## About this exercise
Copy the material below verbatim from the line with "RYB HOME Waterproof" to the line with "Men's Jaipur Black", both lines included, omitting pictures and every line outside that range.

## Supplied data
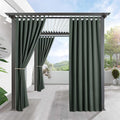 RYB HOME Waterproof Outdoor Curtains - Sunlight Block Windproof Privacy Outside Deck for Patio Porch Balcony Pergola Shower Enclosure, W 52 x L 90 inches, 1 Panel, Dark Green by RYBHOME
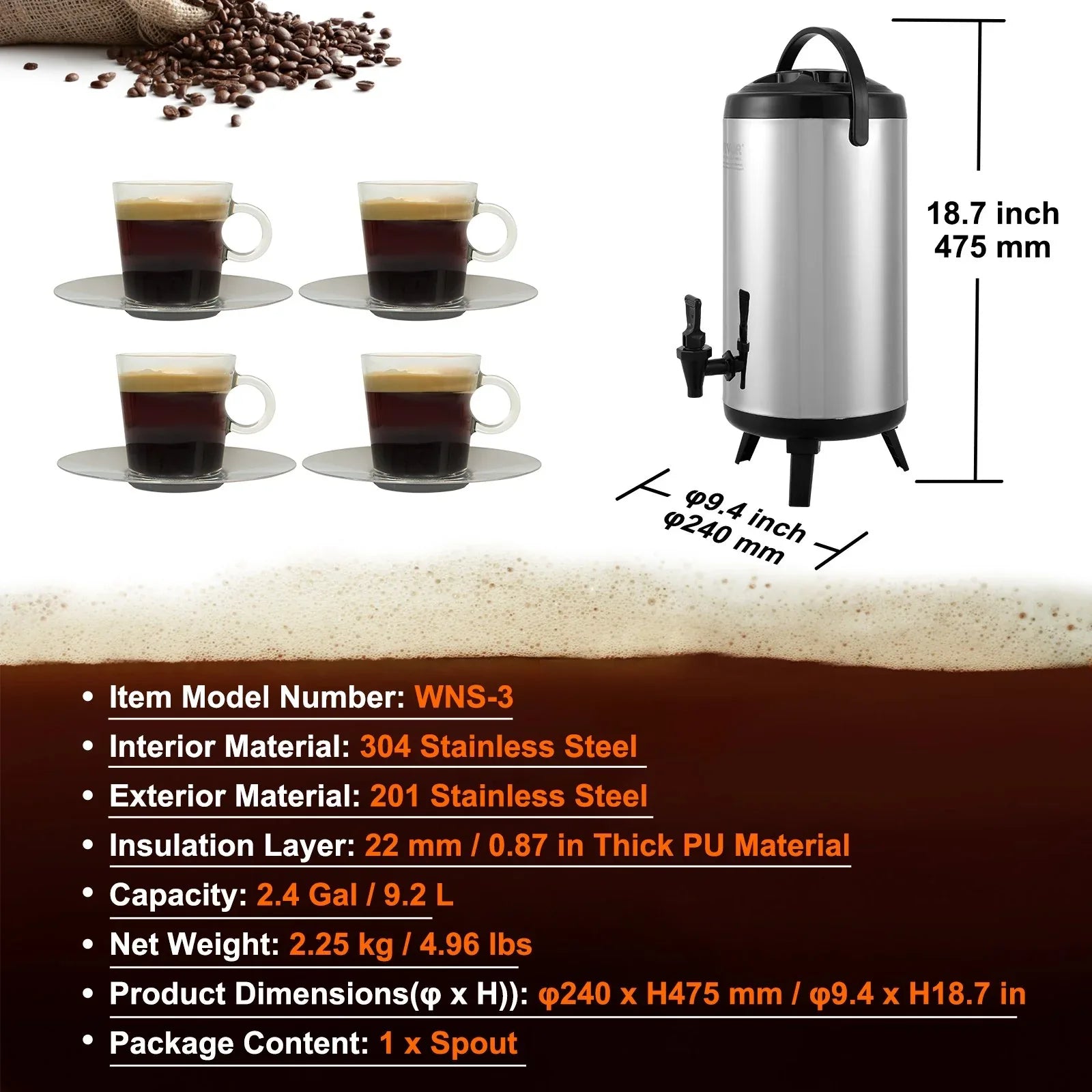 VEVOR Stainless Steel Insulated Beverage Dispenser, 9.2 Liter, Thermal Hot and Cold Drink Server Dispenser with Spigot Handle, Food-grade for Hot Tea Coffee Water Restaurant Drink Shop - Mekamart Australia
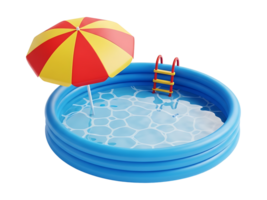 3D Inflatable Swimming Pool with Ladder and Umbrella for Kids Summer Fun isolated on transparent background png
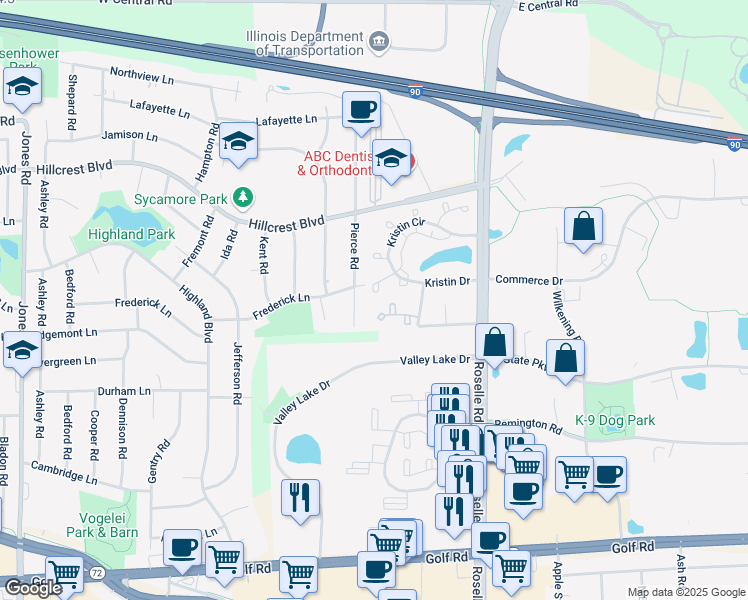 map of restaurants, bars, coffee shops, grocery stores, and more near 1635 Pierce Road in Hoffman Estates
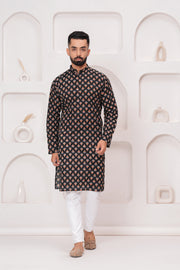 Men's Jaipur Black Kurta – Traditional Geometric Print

--

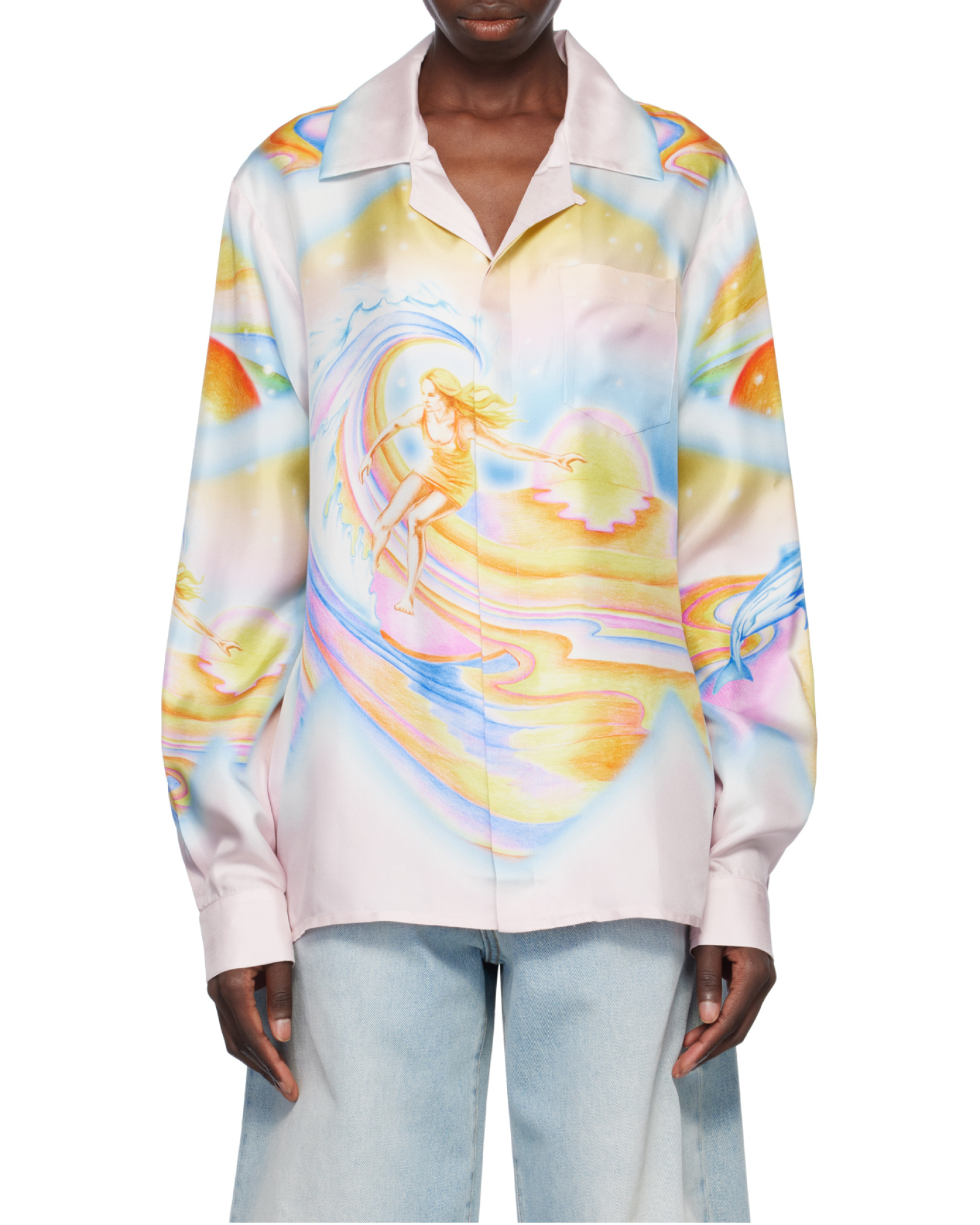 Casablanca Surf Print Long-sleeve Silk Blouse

--

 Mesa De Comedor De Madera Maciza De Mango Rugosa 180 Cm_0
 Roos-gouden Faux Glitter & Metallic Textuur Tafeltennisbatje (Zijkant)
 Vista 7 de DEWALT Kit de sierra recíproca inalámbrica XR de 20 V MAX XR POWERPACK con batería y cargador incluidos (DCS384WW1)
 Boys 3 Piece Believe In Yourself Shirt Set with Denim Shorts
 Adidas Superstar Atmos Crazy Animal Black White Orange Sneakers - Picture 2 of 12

## Written reply
 RYB HOME Waterproof Outdoor Curtains - Sunlight Block Windproof Privacy Outside Deck for Patio Porch Balcony Pergola Shower Enclosure, W 52 x L 90 inches, 1 Panel, Dark Green by RYBHOME
 VEVOR Stainless Steel Insulated Beverage Dispenser, 9.2 Liter, Thermal Hot and Cold Drink Server Dispenser with Spigot Handle, Food-grade for Hot Tea Coffee Water Restaurant Drink Shop - Mekamart Australia
 3D Inflatable Swimming Pool with Ladder and Umbrella for Kids Summer Fun isolated on transparent background png
 map of restaurants, bars, coffee shops, grocery stores, and more near 1635 Pierce Road in Hoffman Estates
 Men's Jaipur Black Kurta – Traditional Geometric Print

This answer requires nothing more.